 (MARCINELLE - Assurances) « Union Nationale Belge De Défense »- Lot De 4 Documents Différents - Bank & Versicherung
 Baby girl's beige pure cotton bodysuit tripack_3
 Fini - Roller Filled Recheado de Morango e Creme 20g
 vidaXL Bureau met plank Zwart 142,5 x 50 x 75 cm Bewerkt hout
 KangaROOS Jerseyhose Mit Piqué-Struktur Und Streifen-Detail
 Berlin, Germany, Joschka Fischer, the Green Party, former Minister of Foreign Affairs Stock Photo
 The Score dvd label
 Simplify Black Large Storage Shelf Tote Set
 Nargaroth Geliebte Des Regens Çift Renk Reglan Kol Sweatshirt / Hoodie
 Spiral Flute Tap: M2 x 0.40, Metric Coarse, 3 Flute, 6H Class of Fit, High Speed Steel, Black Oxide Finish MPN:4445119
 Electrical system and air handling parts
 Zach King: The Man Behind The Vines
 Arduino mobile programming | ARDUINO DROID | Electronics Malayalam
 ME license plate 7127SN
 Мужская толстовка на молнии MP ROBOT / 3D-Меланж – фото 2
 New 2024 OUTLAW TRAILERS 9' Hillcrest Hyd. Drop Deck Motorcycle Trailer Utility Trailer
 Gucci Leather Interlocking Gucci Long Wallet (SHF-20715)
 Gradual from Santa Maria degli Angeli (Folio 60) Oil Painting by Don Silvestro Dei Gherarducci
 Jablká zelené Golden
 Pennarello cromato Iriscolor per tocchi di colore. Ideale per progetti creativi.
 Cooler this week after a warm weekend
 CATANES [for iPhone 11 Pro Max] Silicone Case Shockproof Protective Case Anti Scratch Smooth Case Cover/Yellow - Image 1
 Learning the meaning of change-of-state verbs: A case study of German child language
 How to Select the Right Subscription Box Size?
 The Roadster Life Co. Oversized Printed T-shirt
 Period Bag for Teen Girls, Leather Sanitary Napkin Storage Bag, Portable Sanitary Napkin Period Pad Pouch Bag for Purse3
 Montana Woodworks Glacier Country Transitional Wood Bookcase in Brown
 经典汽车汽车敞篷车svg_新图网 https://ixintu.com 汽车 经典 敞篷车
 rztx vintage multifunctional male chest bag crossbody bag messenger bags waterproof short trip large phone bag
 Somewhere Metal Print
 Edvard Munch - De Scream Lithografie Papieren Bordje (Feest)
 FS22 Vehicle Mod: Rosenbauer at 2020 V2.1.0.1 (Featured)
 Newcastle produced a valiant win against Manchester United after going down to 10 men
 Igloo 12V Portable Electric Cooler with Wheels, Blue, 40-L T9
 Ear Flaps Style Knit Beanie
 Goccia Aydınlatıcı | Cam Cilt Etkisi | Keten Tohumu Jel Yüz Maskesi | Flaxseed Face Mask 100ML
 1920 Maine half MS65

#### REQUIRED ACTION:
In the records above, return only the line that contains "rztx vintage multifunctional" and every line after it through the last, exactly as they appear.

#### EXERCISE OUTPUT:
 rztx vintage multifunctional male chest bag crossbody bag messenger bags waterproof short trip large phone bag
 Somewhere Metal Print
 Edvard Munch - De Scream Lithografie Papieren Bordje (Feest)
 FS22 Vehicle Mod: Rosenbauer at 2020 V2.1.0.1 (Featured)
 Newcastle produced a valiant win against Manchester United after going down to 10 men
 Igloo 12V Portable Electric Cooler with Wheels, Blue, 40-L T9
 Ear Flaps Style Knit Beanie
 Goccia Aydınlatıcı | Cam Cilt Etkisi | Keten Tohumu Jel Yüz Maskesi | Flaxseed Face Mask 100ML
 1920 Maine half MS65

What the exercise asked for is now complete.